I’ve got a second chance in GCWA. A second chance in both of my careers. Derek offered me a spot far above the one I clung to while in OCW. While I may not be recognized as one of the up and comers, I’m certainly no joke around here…at least not at the level I was in OCW.
And, as if that weren’t enough motivation, I’ve landed the biggest case of my career. To locate a man who has made more of an impact in 30 years of life than the population of a Midwestern town.
All opportunities are the same, no matter how high the ceiling. It’s up to the recipient to determine whether or not the opportunity blossoms into success.
If I lose to Extreme on Friday night, you might as well put this opportunity on life support. I doubt the higher ups in GCWA are going to tolerate a former jobber, current low level detective eating up space on their show, money from their account only to be failing once again. Returning to his former self. Becoming the joke of GCWA.
The stakes are too high for that. It’s time to seize this opportunity. It’s time to take advantage of the gift I’ve been given.
So, yes, I feel like shit. Yes, I’m lying in a dark, cheap motel room, hoping a pounding headache will subside so that, at the very least, I can open my eyes and do some research.
But, I will not let this or any other unforeseen road blocks get the best of me.
I will show up to Inferno. I will take it to Extreme. I will defeat this man in our rubber match, proving that I am, at the very least; better than I was in OCW.
So, Mr. Extreme…or Mr. Treme…or Mr. Eme…whatever you like to go by. You’ve enjoyed far more success in our ‘feud’ than I should have ever allowed. Tis the season, I suppose.

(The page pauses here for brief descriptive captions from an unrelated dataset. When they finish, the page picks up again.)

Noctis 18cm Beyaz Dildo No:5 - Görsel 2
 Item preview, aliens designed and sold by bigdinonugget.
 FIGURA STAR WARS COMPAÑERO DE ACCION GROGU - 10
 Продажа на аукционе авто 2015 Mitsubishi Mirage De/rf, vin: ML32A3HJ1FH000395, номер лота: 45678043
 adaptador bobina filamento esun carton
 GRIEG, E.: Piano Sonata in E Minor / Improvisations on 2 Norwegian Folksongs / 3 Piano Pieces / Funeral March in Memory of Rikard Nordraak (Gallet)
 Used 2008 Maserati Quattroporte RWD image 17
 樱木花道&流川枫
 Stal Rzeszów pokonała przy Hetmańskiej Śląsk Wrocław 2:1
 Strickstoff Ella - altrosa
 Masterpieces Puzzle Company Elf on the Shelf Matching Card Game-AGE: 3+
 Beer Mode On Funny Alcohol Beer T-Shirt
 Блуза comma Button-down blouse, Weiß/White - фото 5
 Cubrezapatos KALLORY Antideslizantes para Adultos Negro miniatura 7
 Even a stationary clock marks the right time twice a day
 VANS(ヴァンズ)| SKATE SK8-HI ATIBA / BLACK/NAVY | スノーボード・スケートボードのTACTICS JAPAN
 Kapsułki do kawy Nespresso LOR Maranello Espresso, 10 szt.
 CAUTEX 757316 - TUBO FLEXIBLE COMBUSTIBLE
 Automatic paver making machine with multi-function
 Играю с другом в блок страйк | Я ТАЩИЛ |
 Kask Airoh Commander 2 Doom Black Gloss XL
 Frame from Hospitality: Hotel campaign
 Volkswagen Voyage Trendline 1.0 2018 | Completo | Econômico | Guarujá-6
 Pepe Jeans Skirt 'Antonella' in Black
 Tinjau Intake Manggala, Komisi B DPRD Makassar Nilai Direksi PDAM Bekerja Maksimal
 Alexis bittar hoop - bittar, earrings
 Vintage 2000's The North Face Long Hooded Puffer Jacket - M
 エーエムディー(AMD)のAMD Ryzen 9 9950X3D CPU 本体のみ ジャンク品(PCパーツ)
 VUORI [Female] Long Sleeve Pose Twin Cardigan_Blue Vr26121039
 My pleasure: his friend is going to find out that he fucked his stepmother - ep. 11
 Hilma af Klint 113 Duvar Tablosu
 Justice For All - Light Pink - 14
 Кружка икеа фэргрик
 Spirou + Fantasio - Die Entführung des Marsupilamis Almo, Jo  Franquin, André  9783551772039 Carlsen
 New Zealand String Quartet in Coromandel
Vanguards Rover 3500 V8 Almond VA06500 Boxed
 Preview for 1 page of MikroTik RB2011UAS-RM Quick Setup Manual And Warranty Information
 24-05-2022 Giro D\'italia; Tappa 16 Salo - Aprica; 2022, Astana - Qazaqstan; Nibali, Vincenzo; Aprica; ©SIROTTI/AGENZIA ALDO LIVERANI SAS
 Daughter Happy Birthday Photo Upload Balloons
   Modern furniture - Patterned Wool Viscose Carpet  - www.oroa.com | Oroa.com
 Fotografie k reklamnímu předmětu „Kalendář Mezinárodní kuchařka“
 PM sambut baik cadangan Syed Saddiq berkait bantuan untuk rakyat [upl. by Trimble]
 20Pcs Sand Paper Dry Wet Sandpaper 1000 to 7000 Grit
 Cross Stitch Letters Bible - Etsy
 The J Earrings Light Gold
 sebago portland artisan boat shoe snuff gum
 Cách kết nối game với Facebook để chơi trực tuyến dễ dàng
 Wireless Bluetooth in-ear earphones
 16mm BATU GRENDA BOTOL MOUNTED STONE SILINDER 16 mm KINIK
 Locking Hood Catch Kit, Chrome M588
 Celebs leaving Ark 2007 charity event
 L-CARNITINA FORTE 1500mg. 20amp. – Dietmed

But that’s coming to an end. I’m done playing games. This Friday, at Inferno I’m putting an end to our piddling rivalry.
And, once it’s over, you have my permission to misplace that E and go back to being Xtreme. I don’t know why someone would choose to go that route but, then again, we’re talking about you, aren’t we?
Once I’m finished with you, I will scour the Earth to find Mr. Hill.
Failure will not define me, not this time.
Now, if you’ll excuse me. I’m going to try and read some of this Blue Thunder comic book for inspiration…assuming this headache will permit such an activity.